# Use of Distribution in Options analysis



## mswiggs (21 February 2006)

Hi all,

I am just wondering if many traders use statistical distribution of the share price when deciding weather or not to put on a trade. And the overall effectiveness of using this type of analysis.

Also what type of distribution do you use? Eg the most common seems to be normal distribution but I am wondering if there are other types, eg Logarithmic, which seems more effective. 

Cheers Mick


----------



## wayneL (21 February 2006)

mswiggs said:
			
		

> Hi all,
> 
> I am just wondering if many traders use statistical distribution of the share price when deciding weather or not to put on a trade.

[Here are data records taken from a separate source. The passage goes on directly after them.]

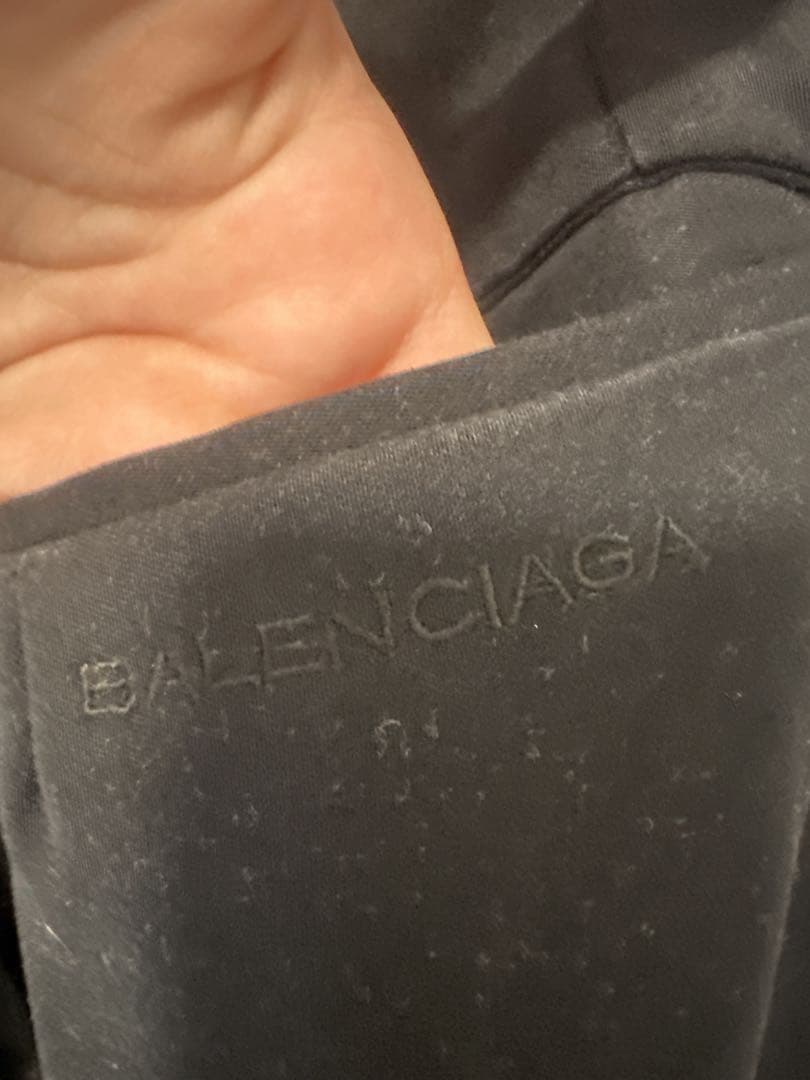 BALENCIAGA BB Sports スラックス ブラック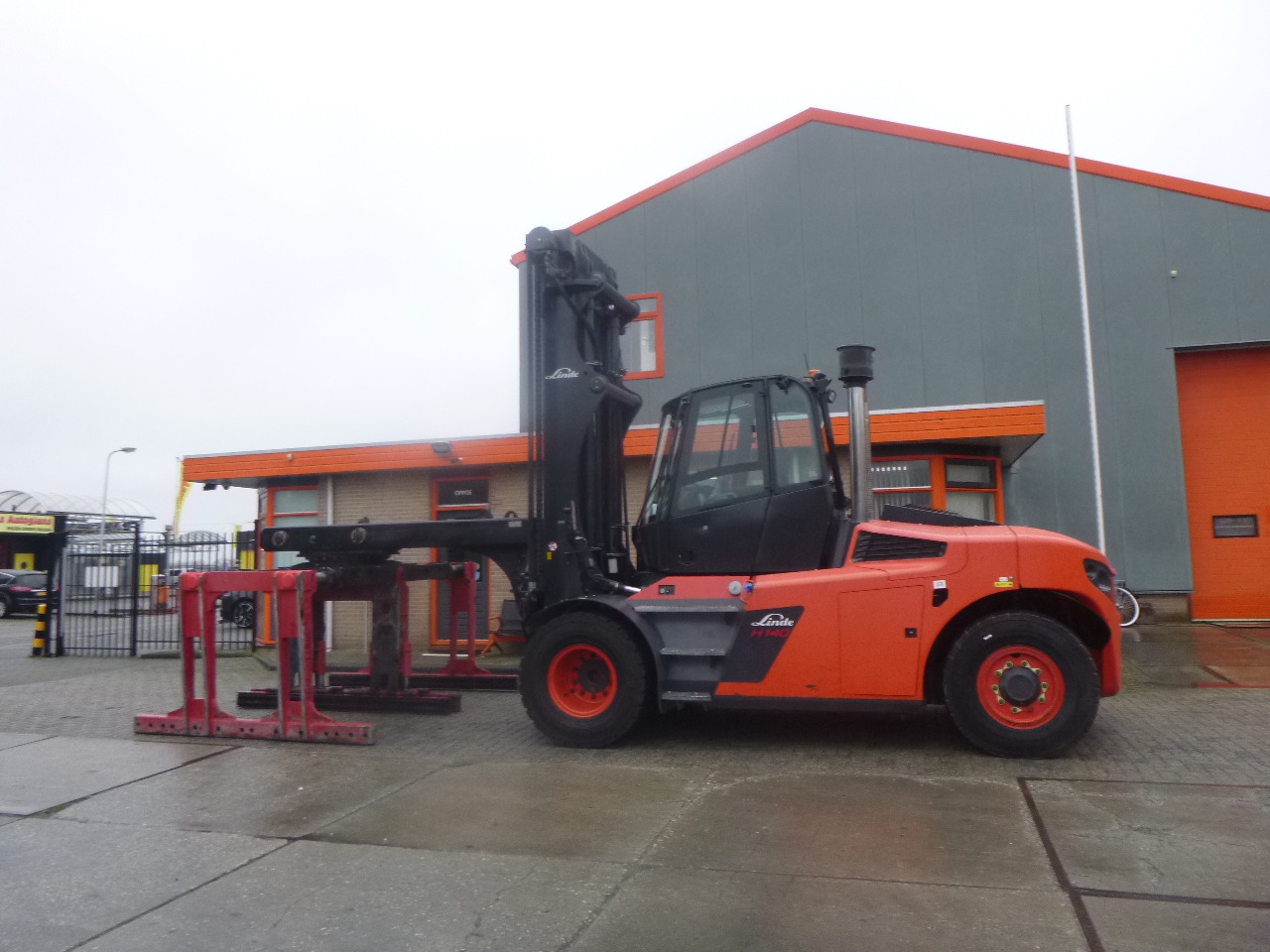 LINDE H140/1200-02 - Dieseltruck: bilde 5 LINDE H140/1200-02 - Dieseltruck: bilde 5
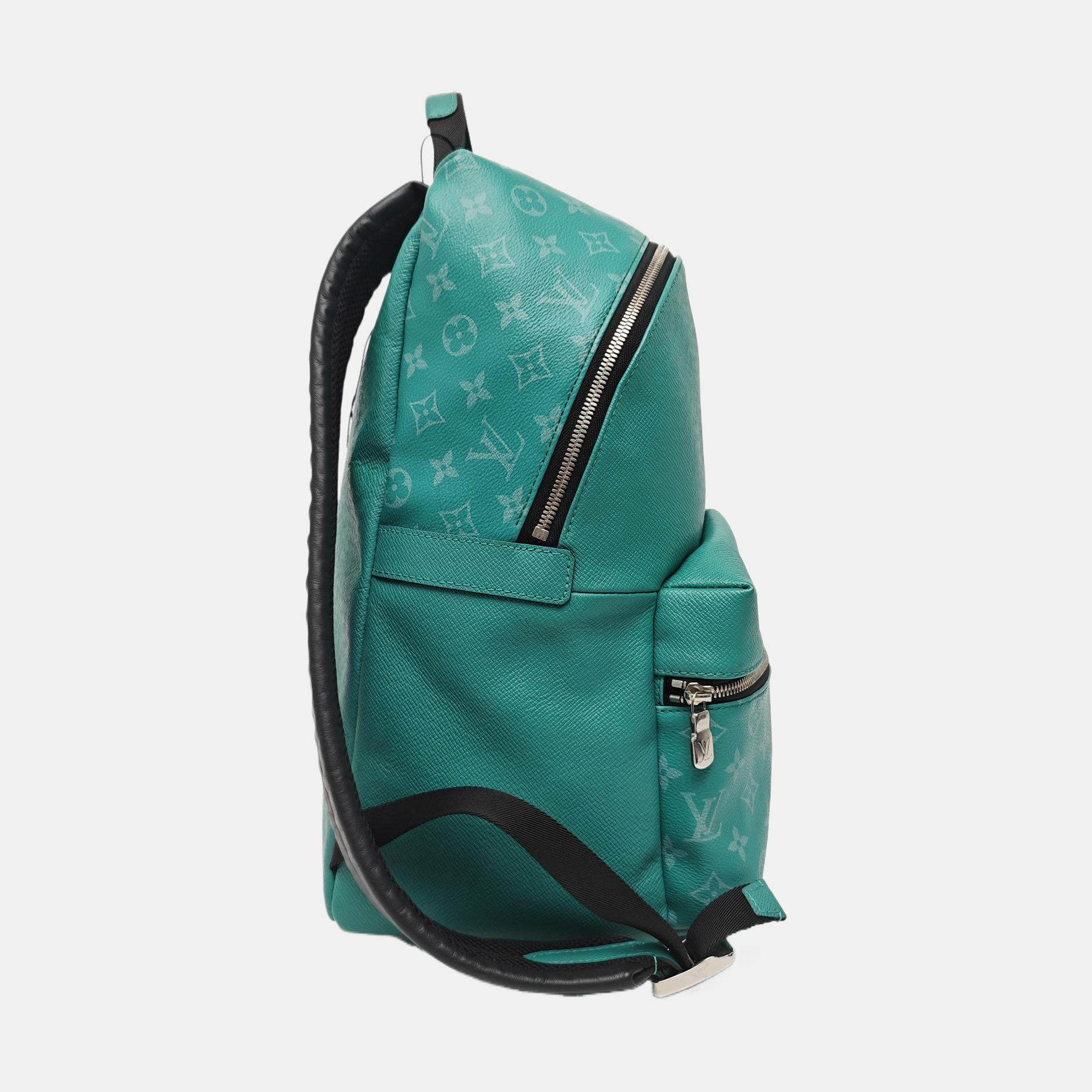 DISCOVERY PM Monogram Coated Canvas Green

And the overall effectiveness of using this type of analysis.
> 
> ...




1/ Lognormal because of 0

2/ Be aware of kurtosis/fat tails, especially if trend following.


----------



## Nick Radge (21 February 2006)

Also review the volatility as well. For many years I sold strangles on the SPI futures based on MAE analysis. I stopped in 2001 because the volatility had dropped off so much it just wasn't worth the risk. You used to be able to get 28pts per month, but when I stopped it had dropped to about 12pts and as Wayne says, those fat tails will catch you one day


----------



## mswiggs (21 February 2006)

Thanks for your replies,

Nick whats MAE analysis? :$ 

Mick


----------



## wayneL (21 February 2006)

mswiggs said:
			
		

> Thanks for your replies,
> 
> Nick whats MAE analysis? :$
> 
> Mick




Mick I can answer that as Nick's not online...

Maximum Adverse Excursion i.e. what's in those fat tails


----------